▶ **Your task**
In the records below, find the line containing "tomtoc 3.5L X-Pac" and print it and every line after it exactly, through the end. Skip pictures.

Dataset content Start Marker

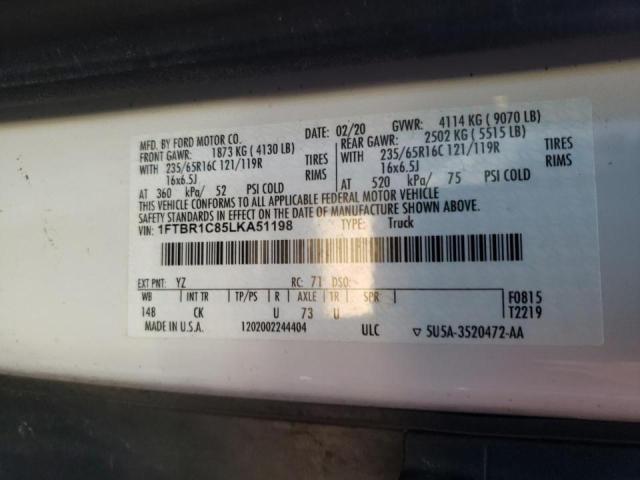 Photo 10 from auction – 2020 FORD TRANSIT T- with VIN 1FTBR1C85LKA51198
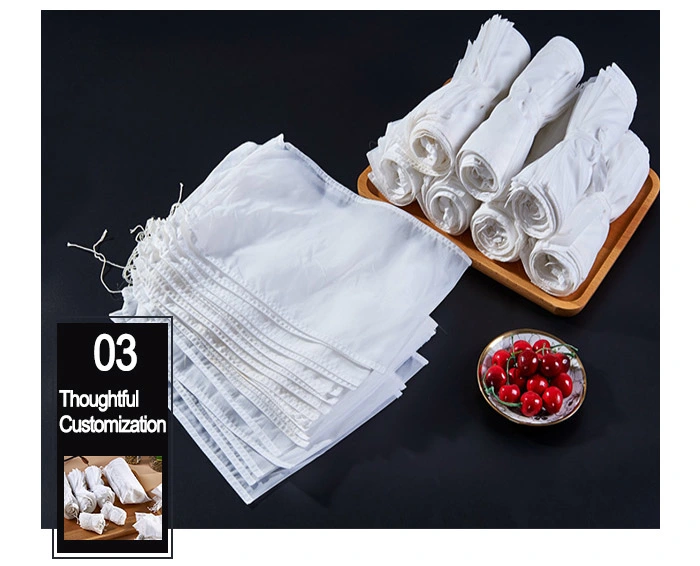 Reusable FDA Nylon / Organic Cotton / Hemp Mesh Nut Milk Filter Bag for All Purpose Food Strainer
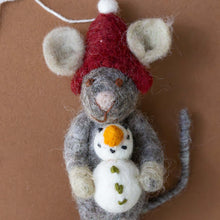 Load image into Gallery viewer, felted-grey-mouse-ornament-with-snowman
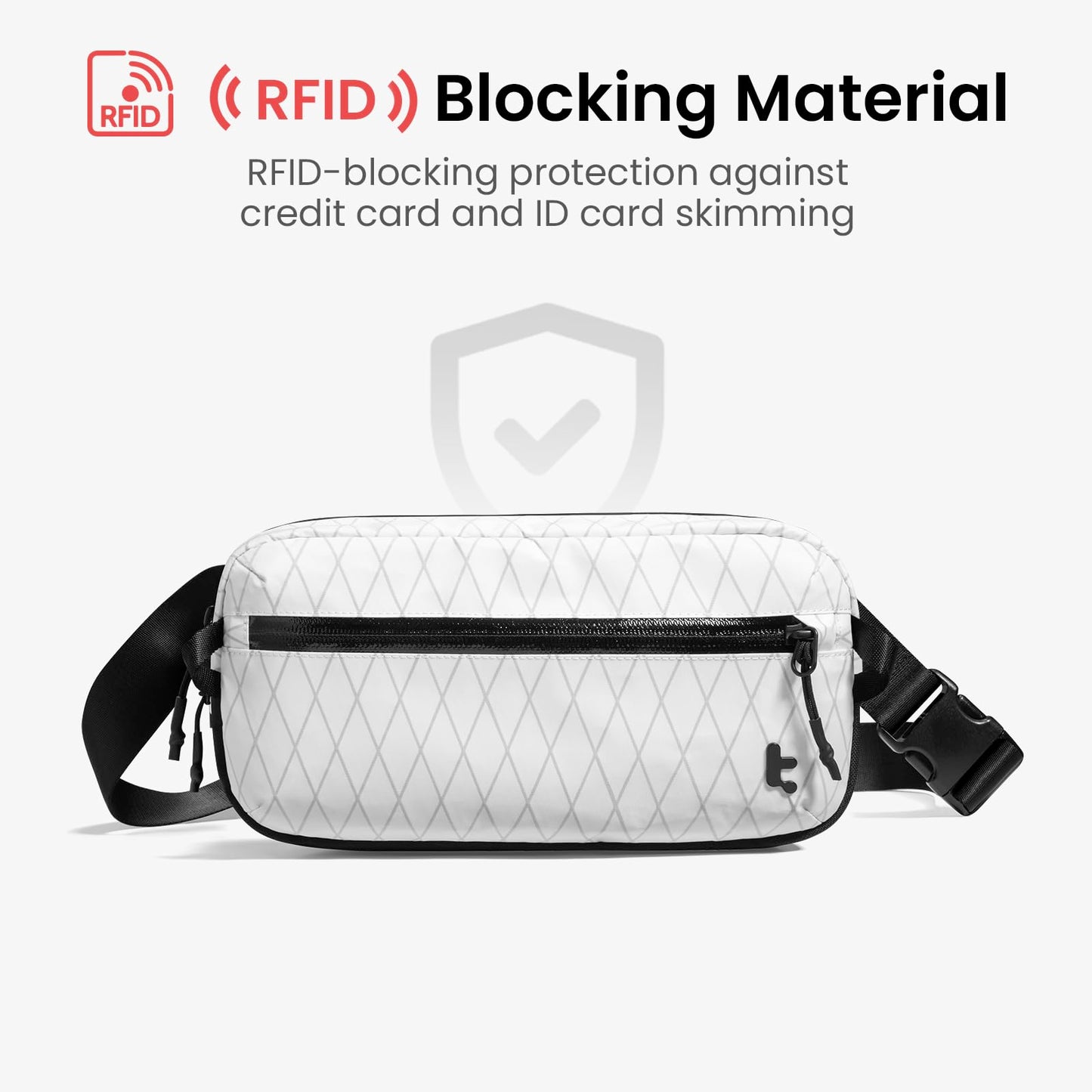 tomtoc 3.5L X-Pac Sling Bag with RFID Blocking Crossbody Pack for Men Women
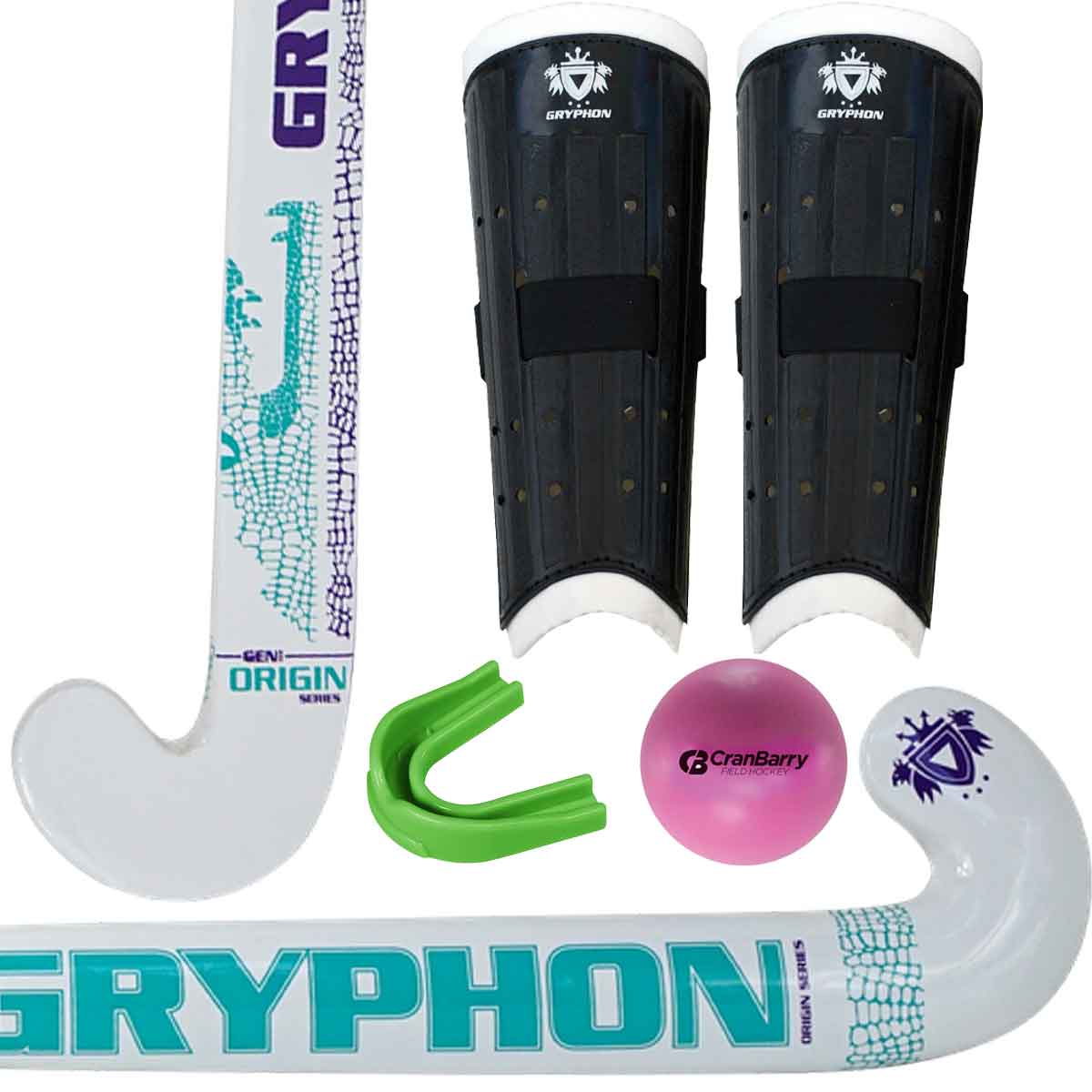 White Gryphon Youth Wood Field Hockey Stick Package with Shins, ball, and mouth guard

Dataset content End Marker

▶ **Solution to the exercise**
 tomtoc 3.5L X-Pac Sling Bag with RFID Blocking Crossbody Pack for Men Women
 White Gryphon Youth Wood Field Hockey Stick Package with Shins, ball, and mouth guard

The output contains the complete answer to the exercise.